Do you have an idea why the NEON C code is slightly slower compared to pure C and is there somewhere documented how many clock cycles the instructions need if NEON registers are used?
NEON code:
ldp q0, q7, [x0] ldp q6, q5, [x0, #32] ldp q16, q4, [x0, #64] ldp q3, q2, [x0, #96] ldr q1, [x0, #128] eor v4.16b, v4.16b, v0.16b eor v1.16b, v1.16b, v5.16b eor v3.16b, v3.16b, v7.16b eor v2.16b, v2.16b, v6.16b ldp q0, q7, [x0, #144] ldp q6, q5, [x0, #176] eor v0.16b, v0.16b, v16.16b eor v4.16b, v4.16b, v7.16b ldp q16, q7, [x0, #208] eor v3.16b, v3.16b, v6.16b eor v2.16b, v2.16b, v5.16b ldp q6, q5, [x0, #240] eor v1.16b, v1.16b, v16.16b eor v0.16b, v0.16b, v7.16b ldp q16, q7, [x0, #272] eor v4.16b, v4.16b, v6.16b eor v3.16b, v3.16b, v5.16b ldp q6, q5, [x0, #304] eor v2.16b, v2.16b, v16.16b eor v1.16b, v1.16b, v7.16b ldp q16, q7, [x0, #336] eor v4.16b, v4.16b, v5.16b eor v0.16b, v0.16b, v6.16b ldp q6, q5, [x0, #368] eor v3.16b, v3.16b, v16.16b eor v2.16b, v2.16b, v7.16b eor v1.16b, v1.16b, v6.16b eor v0.16b, v0.16b, v5.16b stp q4, q3, [x0] stp q2, q1, [x0, #32] str q0, [x0, #64] ret nop nop nop
C Code:
ldp x5, x4, [x0] ldp x1, x6, [x0, #32] ldp x7, x8, [x0, #48] eor x5, x5, x6 ldp x3, x2, [x0, #16] eor x4, x4, x7 ldp x6, x7, [x0, #64] eor x3, x3, x8 ldp x11, x13, [x0, #120] eor x2, x2, x6 eor x1, x1, x7 ldr x6, [x0, #88] ldr x9, [x0, #96] ldr x12, [x0, #136] eor x6, x6, x13 ldr x10, [x0, #80] eor x4, x4, x6 ldr x6, [x0, #160] eor x9, x9, x12 eor x3, x3, x9 ldr x9, [x0, #168] eor x10, x10, x11 eor x5, x5, x10 ldr x8, [x0, #104] ldp x11, x10, [x0, #144] eor x5, x6, x5 eor x4, x4, x9 ldr x7, [x0, #112] eor x8, x8, x11 stp x5, x4, [x0] eor x2, x2, x8 ldr x8, [x0, #176] eor x7, x7, x10 ldr x6, [x0, #184] eor x1, x1, x7 ldr x5, [x0, #192] eor x3, x3, x8 eor x2, x2, x6 eor x1, x1, x5 stp x3, x2, [x0, #16] str x1, [x0, #32] ret nop nop
Best regards
Hi @RW-sec,
> ... is there somewhere documented how many clock cycles the instructions need if NEON registers are used?
The Cortex-A72 Software Optimization Guide has detailed throughput and latency numbers for the Advanced SIMD instructions.
Best regards,
Vincent.
Hi Vincent,
thank you for your answer. Exactly what I was looking for.

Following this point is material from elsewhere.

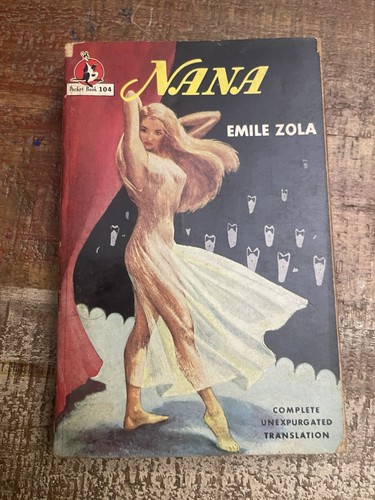 1941 nana émile zola - 1941, —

From the tables in the Cortex-A72 Software Optimization Guide it seems that the latency for the EOR (exclusive or) operation using the basic ALU (AArch64, page 8) is equal to 1 and for the ASIMD instruction it has a latency of 3 (AArch64, page 24).So the main difference between the above two code examples is only the EOR operation, or did I miss something?Then it is clear why the NEON implementation is a little bit slower.The LOAD/STORE operations from ASIMD (also somewhat slow) were not used, or?
Thank you for the document.
Considering EOR throughput, the Cortex-A72 should be able to perform up to 2 EOR operations each cycle, using either the 64b R registers or using the 128b V registers with Advanced SIMD. This means that using Advanced SIMD instructions, you might theoretically be able to double the overall EOR throughput of your code.

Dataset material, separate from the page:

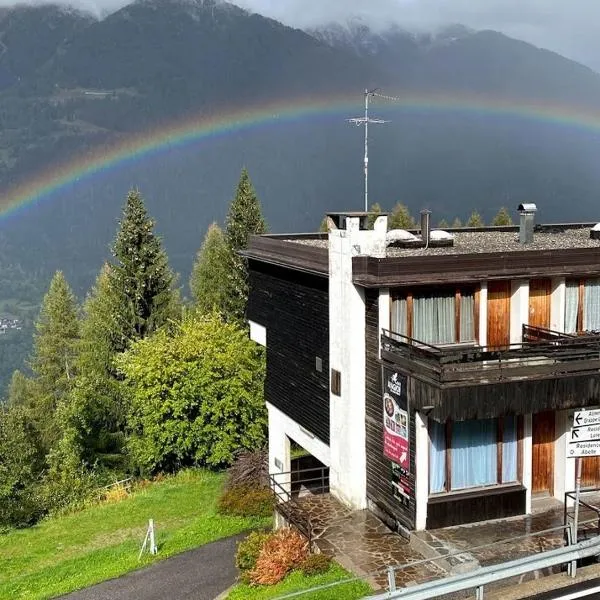 Residence Abete, hotel v destinaci Marilleva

For that, you will need to "hide" the additional latency. On an "out of order" core such as the A72, putting more instructions "in flight" would help.
In practice there might be other bottlenecks in your code than just the EOR. This is where profiling with the performance counters could help.
Ok, I see. Can I rely on GCC/Clang that they can put the instructions in such a way that this additional latency can be hidden or should I do this manually?